Et lorsque , finalement, nous avons fait (très péniblement), la Nord de la Ovest, notre objectif, il n'a cessé de suivre notre progression et de nous encourager : "Greco, come va ?" " Scalate per le vacche !" Tu te souviens, Gino ? Et tu étais au pied de la descente pour nous acceuilleir.
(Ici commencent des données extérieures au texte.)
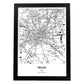 Poster con mapa de Milan - Italia. Láminas de ciudades de Italia con mares y ríos en color negro.-Artwork-Nacnic-A4-Marco Negro-Nacnic Estudio SL
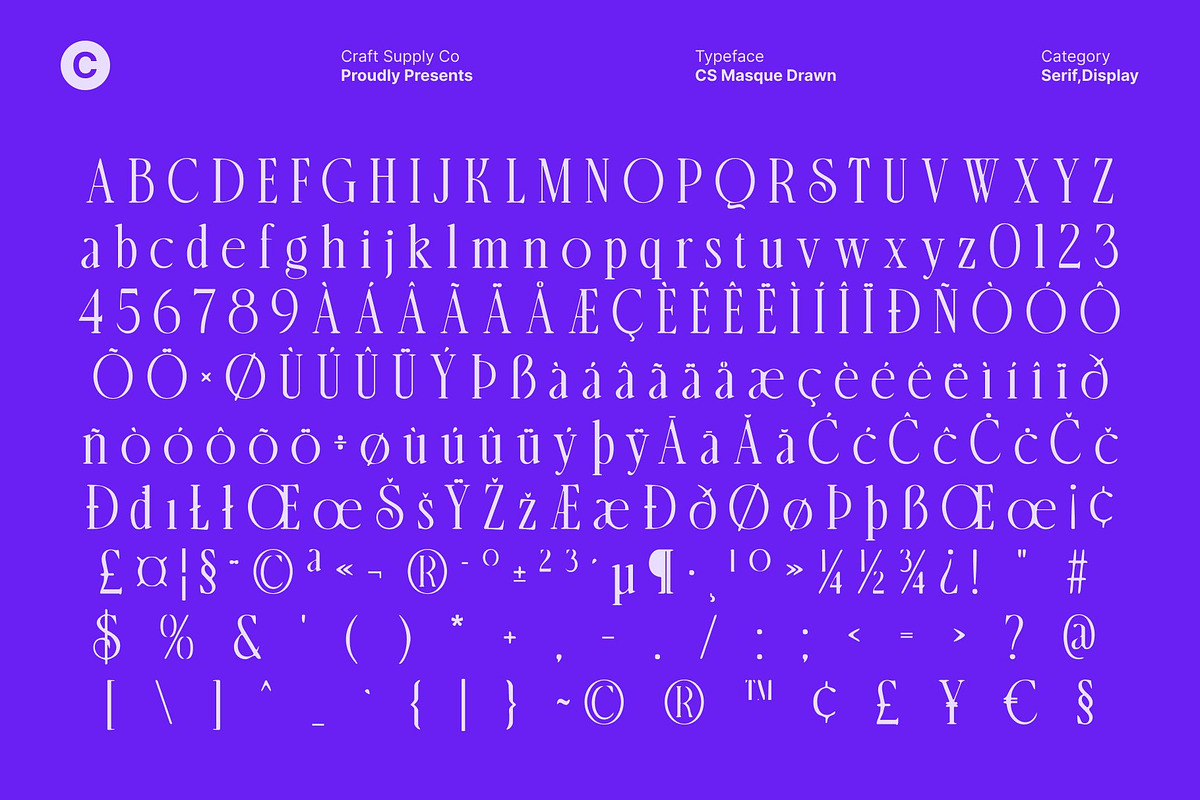 CS Masque Drawn, a Serif Font by Craft Supply Co. (Photo 8 of 8)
Tout cela, c'était Gino Soldà, l'ami. Gino Soldà, le grimpeur, nous l'avions vu sur le Spigolo Giallo. J'ai déjà décrit "ce moment", aussi je ne veux rien changer à mes impressions de 1950 :

"Le lendemain nous admirons Soldà dans le Spigolo Giallo, une pièce en un acte qu'il mène à un rythme qui ne saurait lasser. Le décor est d'une sobriété d'avant garde : sur un fond d'un bleu lumineux, deux murs ocres forment à leur rencontre une étrave de 300 mètres au flanc de laquelle se déroule l'action. Le jeu de l'acteur, fait de brio, de puissance et d'élégance est d'une déconcertante maitrise. A côté de nous, un vieux guide plisse les yeux dans le soleil pour suivre le fantastique ballet du Spigolo Giallo. Quelqu'un lui ayant appris que nous sommes français, il nous dit bien connaitre nos montagnes et il se souvient en riant des longues moraines du Dauphiné, car ce vieux guide, si gentil, avec son bon sourire "grand papa", c'est Angelo Dibona. En cinquante ans d'alpinisme, à une époque où les pitons n'existaient pas, fort de son seul courage, Angelo Dibona nous a laissé son nom prestigieux sur toutes les montagnes d'Europe. Un petit vent frais fait remuer les fleurs à nos pieds, elles aussi s'inclinent devant Angelo Dibona. Trois générations : de Dibona au petit "calanquiste", en passant par Soldà, qui, là-haut, mécanique implacable, avance sur le spigolo dans son style infaillible de conquérant. Le long du fil de l'arête, sans une halte, sans une hésitation, il monte à la cadence de la marche (Un deux, un deux ...) en lançant des tyroliennes. Parfois il brode un peu, va, vient, fait des huit, repart ... Ces gens là grimpent comme d'autres respirent et à les voir grimper j'en arive à douter d'avoir su un jour respirer !"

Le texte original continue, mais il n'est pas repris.